Roger Wilson, Trinity Laban Governor and Founder of Black Lives in Music said: “Kaleidoscope is a bold new initiative. It’s typical of the work that Trinity Laban does in acknowledging and connecting a wider community in terms of students, performers, creators and audiences. There is a rich cornucopia of music to hear as part of the programme, while allowing us to celebrate their creators whose voices are traditionally underrepresented. Don’t Stop the Carnival on 26 October at Blackheath Halls embodied the very spirit of this initiative. It featured the collaborative, creative magic of Kevin Le Gendre and Camilla George and, in turn, heralded much more to come from this programme through to the end of this year and beyond.”

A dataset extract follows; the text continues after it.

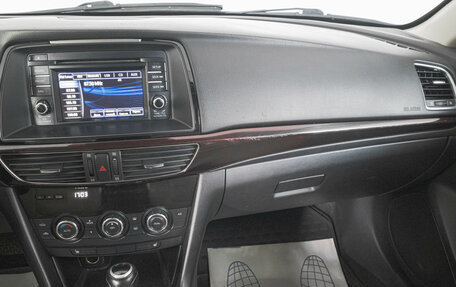 Mazda 6, 2014 год, 1 349 000 рублей, 15 фотография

Dr. Aleksander Szram, Director of Music said: “As part of our commitment to amplify the music by hitherto under-represented composers, the Faculty of Music’s public performance programme over the next two academic years will seek to highlight and celebrate the work of Black British composers and Black musical artists in Britain. This ambitious initiative demonstrates Trinity Laban’s determination to make space for more voices, an aspect of our community that is quite unique in the sector and one that holds a very deep personal resonance with me.”

Some performance highlights in the 2023/24 season include:

Trinity Laban Symphony Orchestra
Great Hall, Blackheath Halls
Thursday 2 November, 19:30 

Conducted by Alpesh Chauhan and Vicente Chavarria, Trinity Laban Symphony Orchestra will perform Samuel Coleridge-Taylor’s Touissant L’Ouverture op. 46 and award-winning contemporary composer James B. Wilson’s Remnants for Poet and Orchestra.

Coleridge-Taylor was an 19th-century composer and conductor and is an iconic figure in Black British history. Toussaint Louverture was inspired by the eponymous black General, who was born enslaved, and led Haiti to independence from the French.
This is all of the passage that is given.